[Extracted records]
===============

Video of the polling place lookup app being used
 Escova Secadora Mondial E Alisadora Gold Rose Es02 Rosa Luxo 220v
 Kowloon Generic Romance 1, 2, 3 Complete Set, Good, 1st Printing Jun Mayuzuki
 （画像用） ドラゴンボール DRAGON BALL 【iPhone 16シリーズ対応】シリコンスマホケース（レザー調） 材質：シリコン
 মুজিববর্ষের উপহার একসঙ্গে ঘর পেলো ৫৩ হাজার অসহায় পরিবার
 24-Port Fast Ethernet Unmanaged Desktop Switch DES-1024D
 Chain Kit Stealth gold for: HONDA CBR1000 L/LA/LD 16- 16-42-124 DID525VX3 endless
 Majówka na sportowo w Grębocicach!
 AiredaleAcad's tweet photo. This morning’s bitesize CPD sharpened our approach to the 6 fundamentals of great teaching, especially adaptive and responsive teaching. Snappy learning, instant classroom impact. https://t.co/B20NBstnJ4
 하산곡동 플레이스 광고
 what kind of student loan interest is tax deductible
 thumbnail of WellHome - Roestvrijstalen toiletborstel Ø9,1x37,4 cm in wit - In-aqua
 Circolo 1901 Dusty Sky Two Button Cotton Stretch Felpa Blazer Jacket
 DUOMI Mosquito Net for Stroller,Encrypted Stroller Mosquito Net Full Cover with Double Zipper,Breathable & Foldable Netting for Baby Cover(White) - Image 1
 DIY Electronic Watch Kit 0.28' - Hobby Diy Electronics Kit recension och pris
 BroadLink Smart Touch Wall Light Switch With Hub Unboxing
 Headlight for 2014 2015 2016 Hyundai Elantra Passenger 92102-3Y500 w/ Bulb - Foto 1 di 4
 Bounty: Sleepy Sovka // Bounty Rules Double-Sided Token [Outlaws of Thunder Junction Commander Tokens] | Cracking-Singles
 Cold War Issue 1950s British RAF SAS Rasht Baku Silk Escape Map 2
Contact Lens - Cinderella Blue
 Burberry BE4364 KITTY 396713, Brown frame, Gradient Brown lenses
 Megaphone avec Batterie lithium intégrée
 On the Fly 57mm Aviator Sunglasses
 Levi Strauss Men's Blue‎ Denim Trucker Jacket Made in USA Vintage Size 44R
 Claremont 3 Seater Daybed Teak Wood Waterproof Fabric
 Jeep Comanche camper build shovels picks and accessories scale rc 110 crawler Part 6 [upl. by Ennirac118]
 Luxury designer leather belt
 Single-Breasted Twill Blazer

===============

To do:
Gather each line in the entries above where the string "Switch" is found.

Written reply:
 24-Port Fast Ethernet Unmanaged Desktop Switch DES-1024D
 BroadLink Smart Touch Wall Light Switch With Hub Unboxing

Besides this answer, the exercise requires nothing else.